◆ Work to be completed: Across the entries, count the lines that include "Your" and report only that number.

◆ Data for this task:
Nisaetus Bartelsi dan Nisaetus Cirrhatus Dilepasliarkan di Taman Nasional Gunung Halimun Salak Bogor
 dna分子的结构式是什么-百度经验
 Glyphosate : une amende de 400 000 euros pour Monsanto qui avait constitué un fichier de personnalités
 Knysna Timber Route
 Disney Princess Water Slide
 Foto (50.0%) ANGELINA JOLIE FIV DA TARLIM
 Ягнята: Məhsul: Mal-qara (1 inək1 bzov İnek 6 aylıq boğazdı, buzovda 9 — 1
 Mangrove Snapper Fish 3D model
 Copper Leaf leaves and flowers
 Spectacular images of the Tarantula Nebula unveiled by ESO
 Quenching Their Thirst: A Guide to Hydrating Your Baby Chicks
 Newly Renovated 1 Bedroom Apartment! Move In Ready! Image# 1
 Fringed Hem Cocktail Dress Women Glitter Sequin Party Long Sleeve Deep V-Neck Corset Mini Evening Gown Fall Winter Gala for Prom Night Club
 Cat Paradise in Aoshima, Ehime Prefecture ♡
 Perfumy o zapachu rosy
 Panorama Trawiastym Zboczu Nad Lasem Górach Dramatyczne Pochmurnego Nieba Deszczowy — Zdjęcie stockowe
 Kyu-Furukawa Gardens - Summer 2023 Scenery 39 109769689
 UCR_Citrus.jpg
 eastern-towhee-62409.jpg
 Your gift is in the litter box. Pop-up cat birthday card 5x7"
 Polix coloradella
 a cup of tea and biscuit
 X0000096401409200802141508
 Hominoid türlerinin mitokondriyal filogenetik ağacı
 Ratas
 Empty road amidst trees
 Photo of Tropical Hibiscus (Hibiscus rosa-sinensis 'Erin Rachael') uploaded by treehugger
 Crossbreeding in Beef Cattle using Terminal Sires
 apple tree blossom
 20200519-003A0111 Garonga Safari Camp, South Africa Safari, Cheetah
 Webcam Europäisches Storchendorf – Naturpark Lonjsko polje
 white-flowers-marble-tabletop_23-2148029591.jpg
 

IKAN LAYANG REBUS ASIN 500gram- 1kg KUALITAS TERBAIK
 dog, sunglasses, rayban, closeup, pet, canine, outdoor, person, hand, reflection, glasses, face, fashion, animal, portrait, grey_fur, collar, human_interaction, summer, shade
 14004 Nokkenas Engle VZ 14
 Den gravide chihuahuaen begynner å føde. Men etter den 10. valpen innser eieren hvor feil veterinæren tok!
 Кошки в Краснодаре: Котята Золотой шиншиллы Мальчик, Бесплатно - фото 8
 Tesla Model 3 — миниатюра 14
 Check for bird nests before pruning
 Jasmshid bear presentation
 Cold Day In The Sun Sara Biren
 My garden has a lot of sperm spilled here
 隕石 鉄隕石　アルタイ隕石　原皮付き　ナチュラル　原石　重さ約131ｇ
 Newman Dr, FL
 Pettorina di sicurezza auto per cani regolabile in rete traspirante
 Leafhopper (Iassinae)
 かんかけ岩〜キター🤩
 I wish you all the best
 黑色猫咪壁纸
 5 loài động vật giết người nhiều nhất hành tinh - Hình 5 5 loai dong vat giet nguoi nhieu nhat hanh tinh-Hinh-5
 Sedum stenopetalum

◆ Response to the exercise: 2